C’est à la croisée de ces pistes de recherche que nous souhaitons placer notre travail. Le système seigneurial donne un cadre de vie aux habitants de la colonie, c’est un outil devant favoriser le peuplement et la mise en valeur du territoire. Derrière le cadre seigneurial, on peut observer la conquête des paysages à travers le tracé des rangs qui témoignent de cette occupation croissante. Le premier rang, parallèle au fleuve, correspond à l’occupation des rives du Saint-Laurent, les rang suivants, parallèles au premier, permettent d’observer le peuplement colonial étudié par Jacques Mathieu.

Vue aérienne d’un rang
agricole de la plaine
du Saint-Laurent
1988, MRC de Joliette,
Saint-Ambroise (Lanaudière)
Photo de Michel Neveu,
Don de Département
de géographie, fourni
par Collège de Maisonneuve,
3,5 x 2,5 cm Robert Rhéaume ;
@ Québec en images, CCDMD

Le régime seigneurial : un cadre de vie sous le Régime français

Louise Dechêne rappelait que celui qui regarde à vol d’oiseau le paysage rural du Québec est frappé par l’uniformité des alignements et des superficies, par la succession monotone des champs parallèles allongés. Ce sont en partie les traits du finage du Canada français que nous pouvons observer, les marques d’une institution qui présidait à la distribution des terres. La forte prégnance sur le paysage traduit le caractère premier de la seigneurie.

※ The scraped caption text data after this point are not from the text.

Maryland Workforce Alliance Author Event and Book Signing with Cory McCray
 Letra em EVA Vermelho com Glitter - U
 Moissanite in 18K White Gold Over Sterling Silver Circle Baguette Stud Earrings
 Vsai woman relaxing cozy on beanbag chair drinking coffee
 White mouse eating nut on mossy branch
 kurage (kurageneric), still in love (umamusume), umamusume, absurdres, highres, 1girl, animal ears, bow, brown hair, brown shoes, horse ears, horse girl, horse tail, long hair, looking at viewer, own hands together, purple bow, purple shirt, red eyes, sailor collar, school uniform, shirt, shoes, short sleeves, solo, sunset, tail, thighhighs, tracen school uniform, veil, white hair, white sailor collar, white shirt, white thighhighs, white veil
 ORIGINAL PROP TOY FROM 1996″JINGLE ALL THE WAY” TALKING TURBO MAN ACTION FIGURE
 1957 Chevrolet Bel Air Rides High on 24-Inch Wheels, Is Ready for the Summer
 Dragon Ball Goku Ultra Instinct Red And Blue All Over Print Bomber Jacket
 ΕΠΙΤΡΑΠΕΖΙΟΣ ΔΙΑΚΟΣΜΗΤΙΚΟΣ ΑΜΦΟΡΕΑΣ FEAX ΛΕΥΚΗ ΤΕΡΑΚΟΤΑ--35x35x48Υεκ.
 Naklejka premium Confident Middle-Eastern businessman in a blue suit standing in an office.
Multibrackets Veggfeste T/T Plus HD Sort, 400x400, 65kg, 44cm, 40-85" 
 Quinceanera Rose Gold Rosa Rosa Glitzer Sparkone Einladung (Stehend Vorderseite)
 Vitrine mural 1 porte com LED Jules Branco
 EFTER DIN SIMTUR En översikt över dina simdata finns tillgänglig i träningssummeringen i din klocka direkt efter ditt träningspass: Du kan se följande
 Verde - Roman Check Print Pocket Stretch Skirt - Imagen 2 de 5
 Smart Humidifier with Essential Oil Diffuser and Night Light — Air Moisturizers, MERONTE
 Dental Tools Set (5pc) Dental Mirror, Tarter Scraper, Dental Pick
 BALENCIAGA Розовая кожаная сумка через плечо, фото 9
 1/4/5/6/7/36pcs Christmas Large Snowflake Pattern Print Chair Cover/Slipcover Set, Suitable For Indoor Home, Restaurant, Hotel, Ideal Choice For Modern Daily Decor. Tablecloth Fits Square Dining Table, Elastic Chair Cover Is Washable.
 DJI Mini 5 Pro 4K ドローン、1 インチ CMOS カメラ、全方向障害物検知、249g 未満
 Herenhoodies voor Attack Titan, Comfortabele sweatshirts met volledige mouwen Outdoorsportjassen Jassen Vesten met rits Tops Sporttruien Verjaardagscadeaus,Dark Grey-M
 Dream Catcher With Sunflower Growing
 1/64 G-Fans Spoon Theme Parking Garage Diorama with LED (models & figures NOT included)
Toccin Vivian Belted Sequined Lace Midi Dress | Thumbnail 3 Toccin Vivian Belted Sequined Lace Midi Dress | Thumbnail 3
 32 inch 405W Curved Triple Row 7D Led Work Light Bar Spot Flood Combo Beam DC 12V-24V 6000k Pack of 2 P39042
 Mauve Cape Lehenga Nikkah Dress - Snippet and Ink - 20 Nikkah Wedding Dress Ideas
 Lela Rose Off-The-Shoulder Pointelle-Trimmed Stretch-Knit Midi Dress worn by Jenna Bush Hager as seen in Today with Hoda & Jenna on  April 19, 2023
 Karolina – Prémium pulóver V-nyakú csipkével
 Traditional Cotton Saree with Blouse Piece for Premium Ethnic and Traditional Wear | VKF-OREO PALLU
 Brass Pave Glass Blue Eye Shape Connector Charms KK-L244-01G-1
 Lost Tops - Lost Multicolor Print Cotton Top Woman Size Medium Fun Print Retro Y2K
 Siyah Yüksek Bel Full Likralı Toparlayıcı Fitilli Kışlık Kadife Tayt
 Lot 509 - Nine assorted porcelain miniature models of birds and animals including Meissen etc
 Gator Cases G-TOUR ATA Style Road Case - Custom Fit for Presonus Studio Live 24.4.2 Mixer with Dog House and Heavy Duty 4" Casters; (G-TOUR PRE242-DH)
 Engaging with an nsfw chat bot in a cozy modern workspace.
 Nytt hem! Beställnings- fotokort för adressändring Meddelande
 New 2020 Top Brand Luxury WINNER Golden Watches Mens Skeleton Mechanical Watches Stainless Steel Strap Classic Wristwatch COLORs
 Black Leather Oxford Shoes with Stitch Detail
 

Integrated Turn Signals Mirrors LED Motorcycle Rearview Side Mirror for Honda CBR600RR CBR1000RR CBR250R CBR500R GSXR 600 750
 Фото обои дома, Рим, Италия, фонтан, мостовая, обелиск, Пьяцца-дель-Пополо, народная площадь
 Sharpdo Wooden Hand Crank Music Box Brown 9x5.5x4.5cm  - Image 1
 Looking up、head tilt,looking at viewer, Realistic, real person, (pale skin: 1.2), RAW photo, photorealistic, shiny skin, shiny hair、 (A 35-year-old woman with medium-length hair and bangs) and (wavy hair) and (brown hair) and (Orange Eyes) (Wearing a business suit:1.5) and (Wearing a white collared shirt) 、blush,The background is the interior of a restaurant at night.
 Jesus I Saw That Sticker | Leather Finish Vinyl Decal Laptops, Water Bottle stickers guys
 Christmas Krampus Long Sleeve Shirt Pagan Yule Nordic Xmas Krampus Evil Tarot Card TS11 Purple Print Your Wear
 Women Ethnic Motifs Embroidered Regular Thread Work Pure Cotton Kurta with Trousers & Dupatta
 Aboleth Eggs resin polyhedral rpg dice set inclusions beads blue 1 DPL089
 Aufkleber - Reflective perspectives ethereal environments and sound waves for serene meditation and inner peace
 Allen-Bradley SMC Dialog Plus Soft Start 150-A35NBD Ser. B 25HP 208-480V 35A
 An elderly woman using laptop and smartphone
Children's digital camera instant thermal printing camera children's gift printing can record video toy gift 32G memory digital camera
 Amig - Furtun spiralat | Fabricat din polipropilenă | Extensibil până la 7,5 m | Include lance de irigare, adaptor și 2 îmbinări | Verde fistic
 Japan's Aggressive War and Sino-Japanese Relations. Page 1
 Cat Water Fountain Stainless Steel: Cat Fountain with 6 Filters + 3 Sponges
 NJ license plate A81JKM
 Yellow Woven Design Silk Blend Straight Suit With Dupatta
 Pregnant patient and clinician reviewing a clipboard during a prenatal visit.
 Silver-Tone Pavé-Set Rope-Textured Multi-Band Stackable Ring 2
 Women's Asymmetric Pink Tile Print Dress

« Maîtrise du territoire » et inscription dans le paysage : le rang et les seigneuries

Selon Cécile Vidal, l’implantation du régime seigneurial s’inscrit d’abord aux yeux des autorités dans le cadre d’une politique rationnelle de « maîtrise totale du territoire ». Cette politique intègre le rang, que l’on ne peut concevoir selon Serge Courville qu’en étroite relation avec la tenure en fief, l’un étant destiné à fournir au colon son cadre d’exploitation, l’autre, son encadrement économique et social.
La censive, l’élément de base de l’espace seigneurial, cette terre concédée par un seigneur à un individu moyennant redevances, présente une configuration d’une remarquable régularité. Le recours à une forme géométrique, le rectangle allongé, est systématique quels que soit l’époque, le lieu et le schéma d’occupation.
Les autres formes, notamment les « pointes de chemises », sont exceptionnelles et liées à des contraintes topographiques fortes. Le rectangle allongé se justifie par l’accès à la voie d’eau à des fins de communication, de subsistance et de services, un partage équitable des diverses qualités de sol se succédant de la devanture à la profondeur du fief, une facilité d’arpentage, etc .
Malgré une régularité d’ensemble sur le plan de la forme, les censives diffèrent considérablement par leur taille, en particulier d’un rang à un autre et d’une seigneurie à une autre. Leur superficie est variable, même si plus des trois quarts des censives ont, d’après les aveux et dénombrements de 1725, un front compris entre deux et cinq arpents (un arpent au Québec équivaut à 58,47 mètres contre 71,46 en France). Les censives de moins de un arpent comme celles qui dépassent les six arpents de front restent exceptionnelles.
Les censives trop étroites sont difficilement viables alors que des fronts très larges induisent une augmentation des redevances habituellement fixées en fonction de cette variable. D’une seigneurie à une autre et même entre deux rangs d’une même seigneurie, la profondeur des terres varie en général entre 20 et 42 arpents. Mais on trouve des profondeurs de toute taille. La superficie des censives dans les seigneuries éloignées des principaux centres de peuplement double facilement la taille moyenne des exploitations. Les contraintes naturelles mais aussi les stratégies seigneuriales expliquent ces variations forcément localisées.